Task to carry out:
Output the run of lines that opens with the first line of the material below and closes with the line containing "Mouton Simon le", both included, and drop the pictures.

Available data:

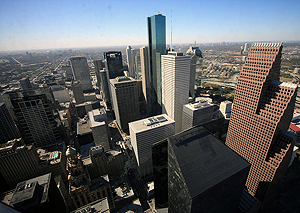 Downtown Houston seen from above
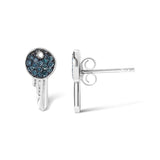 Sterling Silver 1/6 Cttw Blue Diamond Key Motif Stud Earrings-3 thumbnail 4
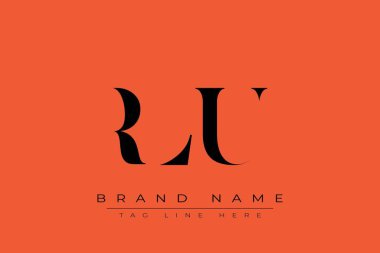 RLU soyut harf logosu tasarımı. Bu logo üç soyut harf tarafından tasarlanmıştır..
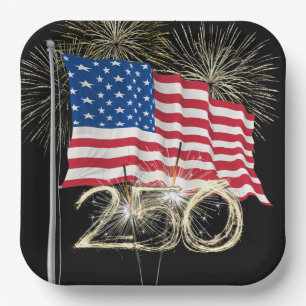 America's 250th Birthday With Sparklers Paper Plate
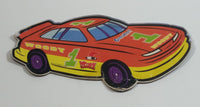 1990s Walter Lantz Woody Woodpecker Guess Who? Woody #1 Orange and Yellow Race Car Shaped Magnet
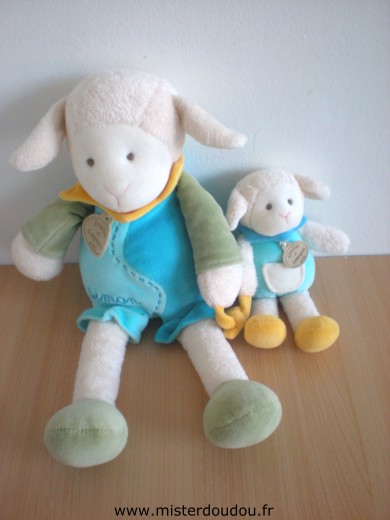 Mouton Simon le mouton bleu vert avec bébé Doudou et compagnie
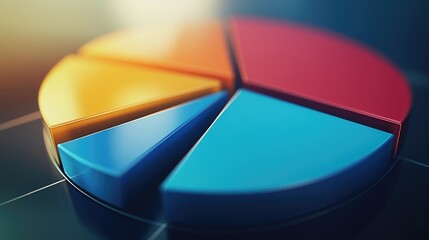 Poster - A 3D pie chart in motion, dynamically rotating to reveal different data segments, presented against a sleek, modern background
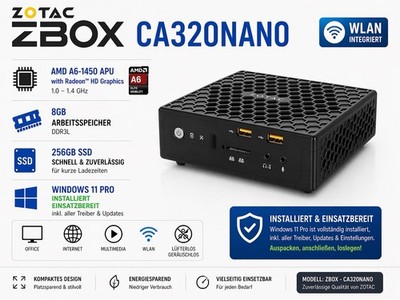 ZOTAC Zbox Mini Pc AMD A6 1450 with Radeon Windows 11 Pro WLAN 8GB 256GB SSD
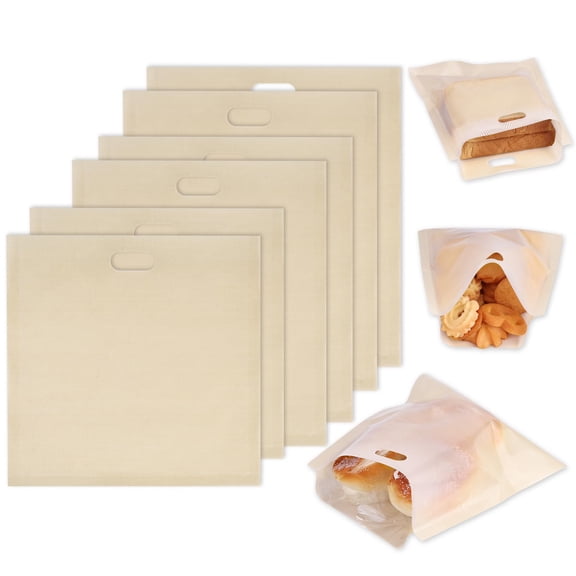 Reusable PTFE Toaster Bags 6Pcs, Non-Stick for Grilled Cheese, Sandwiches & Nuggets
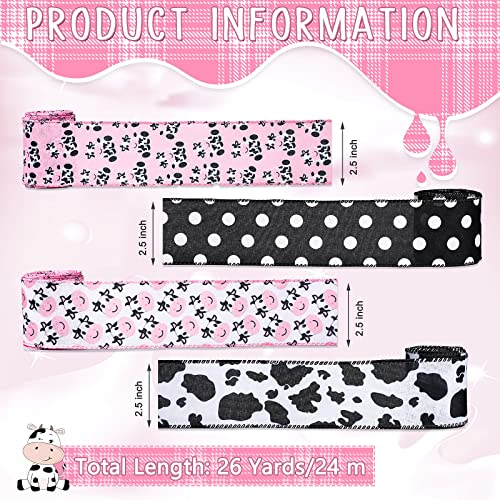 4 Rolls Cow Print Burlap Ribbons Wired Edge Black and White Striped Dot Wrapping Ribbons Pink Strawberry Cow Ribbons for DIY Crafts, Gift Decoration, Home Decor, Party Favor - 2.5 Inch by 24 Yard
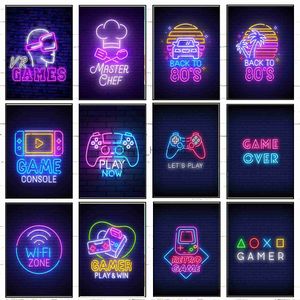 Tapety Powrót do lat 80. Pro Gamer Neon Gaming Plakat płócienne malarstwo Wast Art Dekoracja Kawaii Decor Pokój Gra Gra VR Console Dekord Home Decor J230704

Exercise output:
 Downtown Houston seen from above
 Sterling Silver 1/6 Cttw Blue Diamond Key Motif Stud Earrings-3 thumbnail 4
 RLU soyut harf logosu tasarımı. Bu logo üç soyut harf tarafından tasarlanmıştır..
 America's 250th Birthday With Sparklers Paper Plate
 1990s Walter Lantz Woody Woodpecker Guess Who? Woody #1 Orange and Yellow Race Car Shaped Magnet
 Mouton Simon le mouton bleu vert avec bébé Doudou et compagnie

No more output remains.